The first thing I do when planning to hitch anywhere is check HitchWiki, which is a website that gives directions on the best spots to hitchhike from. You can look up the city where you are, and it will tell you the best spots depending on your destinations. It tells you everything you need to know to get there and people write comments about their experiences in different spots.

When selecting a spot to hitch from, before all else, make sure it’s legal. Thankfully, HitchWiki usually has a brief description on the local laws of each place. In many countries it’s illegal to hitchhike from the side of the highway because cars are going too fast to safely stop otherwise. So you must try from a entrance ramp, gas station, or bus stop.

Not only is this sometimes the law , but it’s also good advice: make sure cars are going slow enough to stop. A car flying by at 80 miles/hour won’t always have time to make a decision and stop. So if you can, position yourself at the entrance ramp that leads to the highway. If there’s a stop sign or a traffic light in the area, even better. The more time you give the driver to make a decision the better.

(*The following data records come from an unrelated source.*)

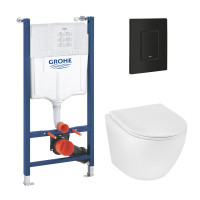 Комплект 4 в 1: Инсталляция Grohe Solido 2 в 1 38971000 + Панель смыва для унитаза Grohe Even 389662430 + Унитаз подвесной безобедочный Kroner Harz WHI493736 RIMLESS с сидением Slim Duroplast /Soft (38971966243KH49R)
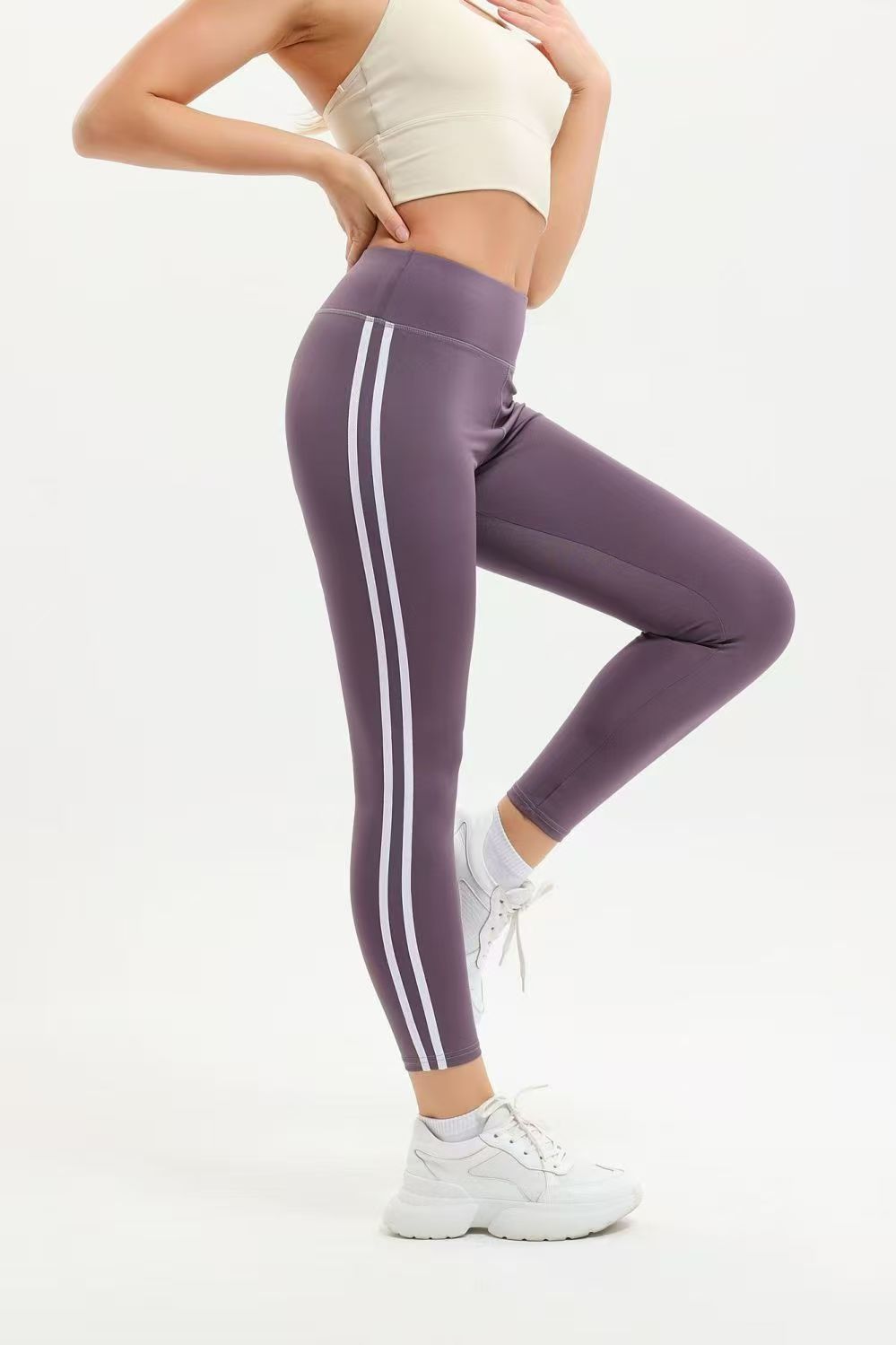 View Leggings taille haute à double rayure image 7
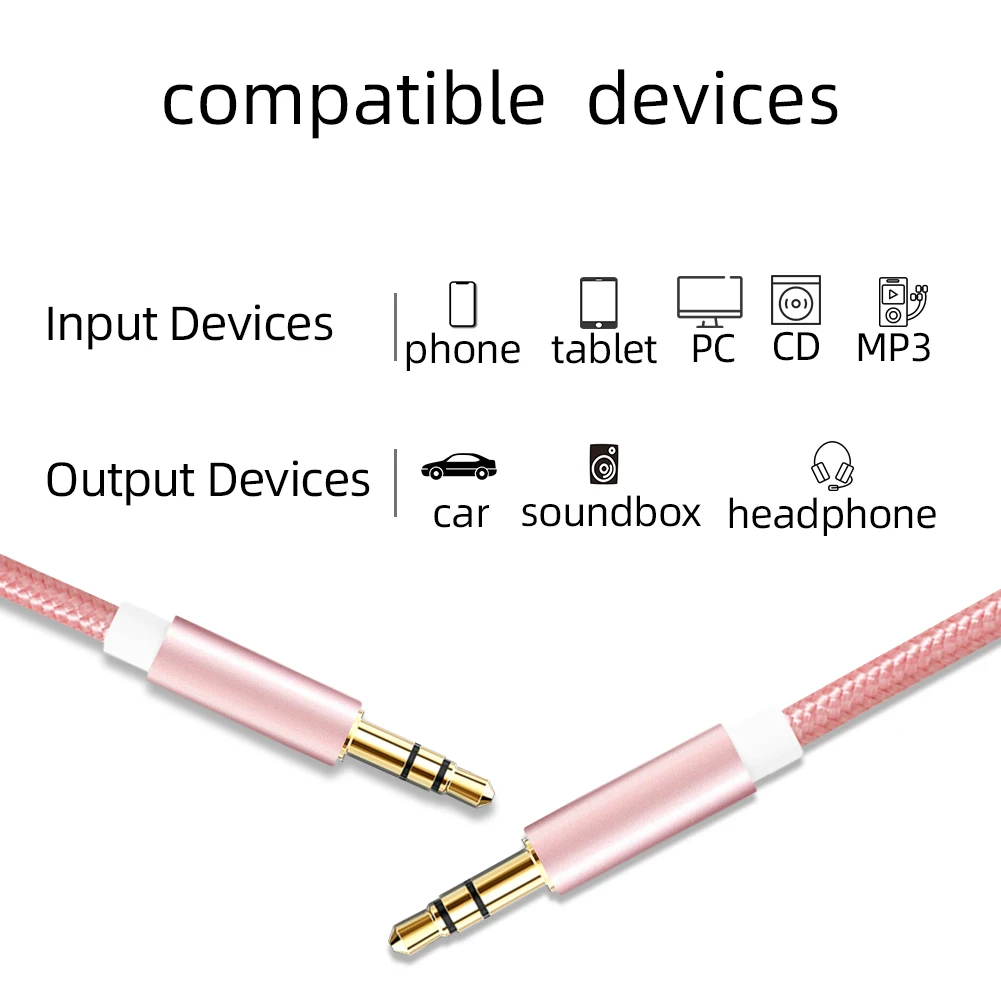 Nylon Jack Audio Cable 3.5 mm to 3.5mm Aux Cable 2m 3m Male to Male Kabel Gold Plug Car Aux Cord for Phone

But all the time in the world won’t help if the driver doesn’t have enough space to pull over safely. So make sure there is plenty of space to pull over. Bus stops, wide shoulders, and parking lots are great for this.

This may sound really obvious, but make sure you’re going in the right direction. This doesn’t mean almost the right direction or in the general direction, but the right direction. Because you really want to minimize the number of rides you have to get, and you ideally want to find someone who is going to the same destination as you. And if you go out of your way you might get stuck in the middle of nowhere with no traffic.

So always make sure there is plenty of traffic. If you find yourself waiting long periods of time without traffic, you’re in the wrong place. If you can walk to a nearby intersection or hitch to a better spot, get outta there as fast as you can.

Sometimes you will get stuck though, so be patient. This is when a driver drops you off somewhere along the route and you have to hitch again but it’s a bad place. This is what you want to avoid. So don’t accept every single ride. Be a little pick. If someone can take you just 10 kilometers down a major highway and drop you at a McDonalds, think about it first. You have to start fresh from there. Maybe there will be a really light flow of traffic. Maybe it’s better to just wait for someone going further.